Nun stehen Sie vor der Herausforderung, in einem bestimmten Zeitrahmen ihr Vorhaben inhaltlich und das Geld, wie im Antrag formuliert, auszugeben. Zeitliche Vorgaben sind einzuhalten, oder aber man begründet gut, warum sich Zeitplan oder die Ausgabenposten verändert haben. Notfalls wird ein Ausgabenposten umgewidmet. Was den Inhalt des Programms betrifft, so werden unter Umständen Zwischen- und Endberichte eingefordert. Bei Unklarheiten empfiehlt es sich hier, lieber einmal mehr nachfragen als einmal zu wenig.
Die Sache mit der Nachhaltigkeit
Gerade in der Anfangsphase eines Projekts kann eine öffentliche Förderung extrem hilfreich sein. Aber überlegen Sie gut, wie nachhaltig Ihr Projekt mit einer solchen Förderung finanziert ist. Wer wird das im Einleitungssatz erwähnte Büro finanzieren, wenn die Förderung nach ein paar Monaten oder ein bis zwei Jahren wegfällt?
Aus meiner Erfahrung ist der größte Fehler bei der Finanzierung über eine öffentliche Förderungen eine Infrastruktur aufzubauen, die danach aufrechterhalten muss. Viele Organisationen beantragen dann an anderer Stelle Gelder und lassen sich eine Zusatzinnovation einfallen, damit das Projekt auch weiterhin förderfähig bleibt. Nachhaltiger wäre es, sehr frühzeitig eine Art Businessmodell zu entwerfen – auf dessen Basis sich das Projekt dauerhaft selbst trägt. Dies ist zugebenermaßen nicht in jedem Betätigungsfeld möglich.
Ein Hoch auf die Kostenlos-Kultur
Rückblickend gibt es vier Punkte, die meine Projekte erfolgreich gemacht haben und die ganz ohne öffentliche Förderung funktionieren. Mein Credo dabei: „start smart“.
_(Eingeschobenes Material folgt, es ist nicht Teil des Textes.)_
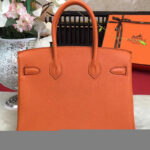 Hermes Birkin 30 Togo Leather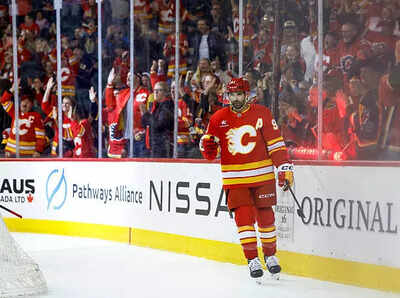 Flames’ Nazem Kadri’s Net Worth: Salary, contracts, and career overview of the NHL star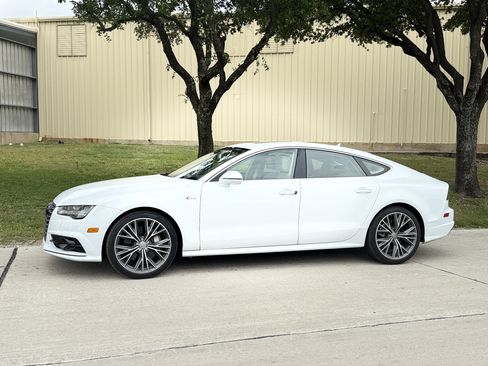 Used 2016 Audi A7 3.0T Prestige AWD/4WD image 1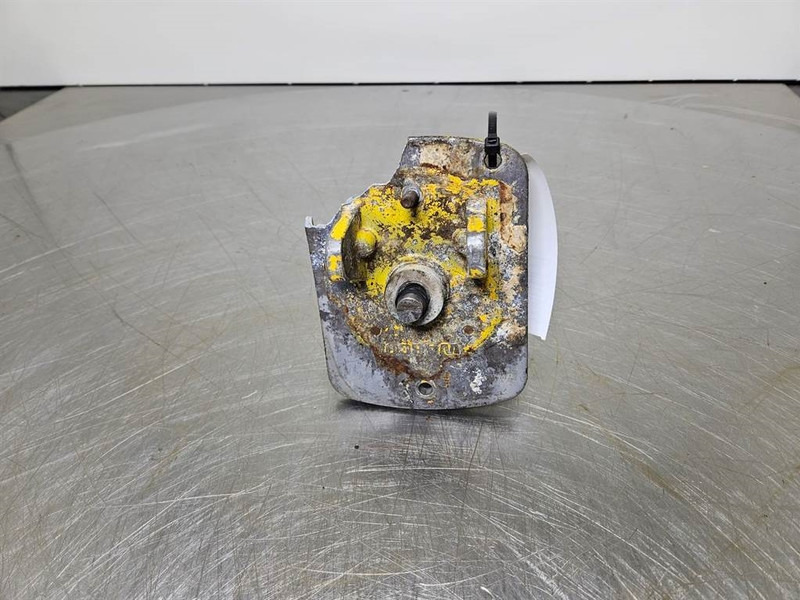 Kramer 512SL-Wabco 4674060166-Brake valve/Bremsventile - Υδραυλικό για Κατασκευή μηχανήματα: φωτογραφία 2 Kramer 512SL-Wabco 4674060166-Brake valve/Bremsventile - Υδραυλικό για Κατασκευή μηχανήματα: φωτογραφία 2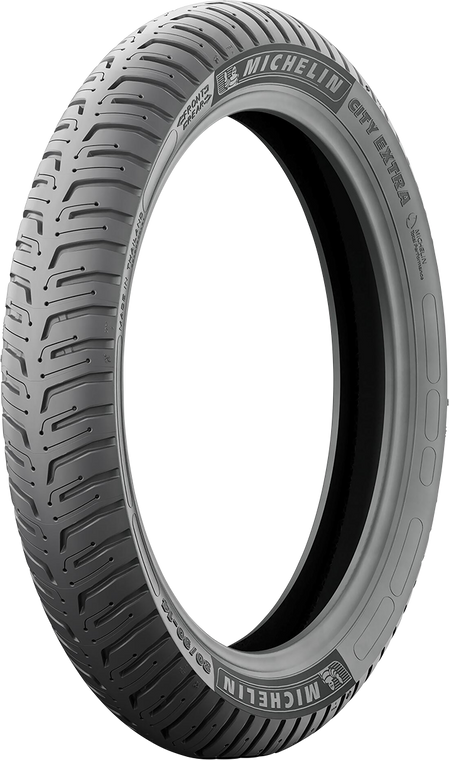 Michelin - Tire - City Extra - Front/Rear - 2.75"-17" - 47P - City Extra Reinforced Tire - 79067 Michelin - Tire - City Extra - Front/Rear - 2.75"-17" - 47P - City Extra Reinforced Tire - 79067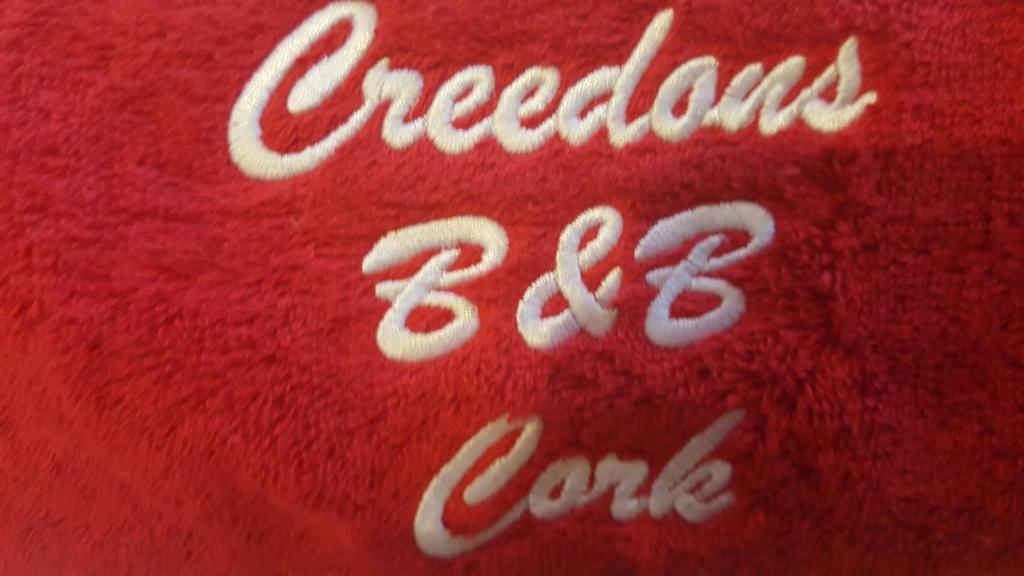 Creedons Traditional Irish Welcome 3* Cork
-Ich habe meine Ideen sofort kommuniziert und auf diese Weise ziemlich schnell Menschen gefunden, die für die gleiche Sache brennen. Wir haben überlegt, wer welche Kompetenzen hat und Aufgaben übernehmen kann. Wichtig war mir, einfach anzufangen und etwas Konkretes zu starten. Wenn es darum ging, einen Minigarten an der Straßenecke aufzubauen, habe ich die Idee dem Lehrerkollegium der nächstgelegenen Schule vorgestellt oder auf einem Workshop während eines Kulturfestivals. Wir haben dann sofort gesehen, was funktioniert und was nicht. Das Netzwerk ist elementar, da es Vertrauen, Begeisterung und Ressourcen schafft. Wenn Sie sich jetzt einsam vorkommen, dann schauen Sie doch mal auf der Website www.weltbeweger.de vorbei – eine tolle Erfahrungsplattform für Engagierte.
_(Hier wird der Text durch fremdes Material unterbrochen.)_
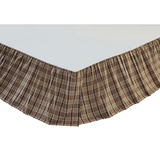 Wyatt Bed Skirt-Lange General Store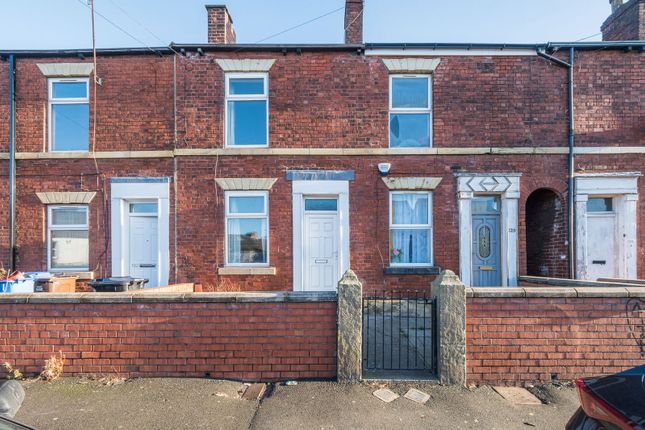 Nottingham Street, Sheffield, S3 9GH 3 bed terraced house for sale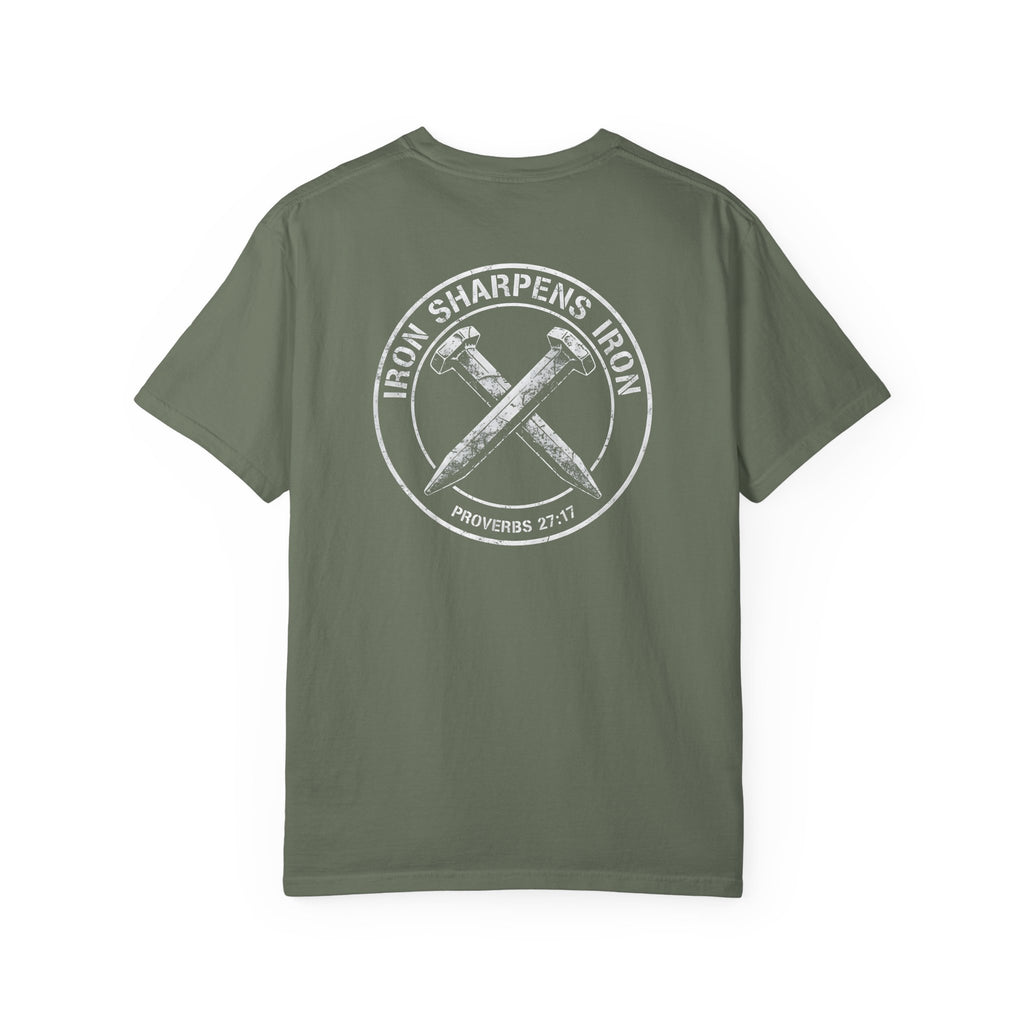 Iron Sharpens Iron Tee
-Ausgezeichnete Erfahrungen habe ich gemacht, wenn ich Menschen aus anderen Projekten, die in einem ähnlichen Bereich arbeiten, direkt kontaktiert habe. Da hat es nur so gesprudelt vor Ideen, neue Netzwerke haben sich gebildet, Lösungen für Herausforderungen wurden gefunden.
-Ich bin immer wieder erstaunt, wie viele Ressourcen auch ohne Anträge, Förderprogramme und Stipendien zur Verfügung stehen. Tools aus dem Internet, die ein gemeinsames Projektmanagement über große Distanzen und zeitunabhängig ermöglichen oder Pro-bono-Bildungsangebote wie Webinare zu Social Media von www.stifter-helfen.de. Es gibt immer mehr kostenlose Werkzeuge.
-Die besten Förderprogramme sind meiner Meinung nach die, die auf ein Netzwerk setzen, Kommunikation und Austausch zwischen unterschiedlichen Akteuren fördern, die für ein gemeinsames Thema brennen. Am Ende sind es die Beziehungen zwischen Menschen und deren gemeinsamer Wille, die dein Projekt erfolgreich machen.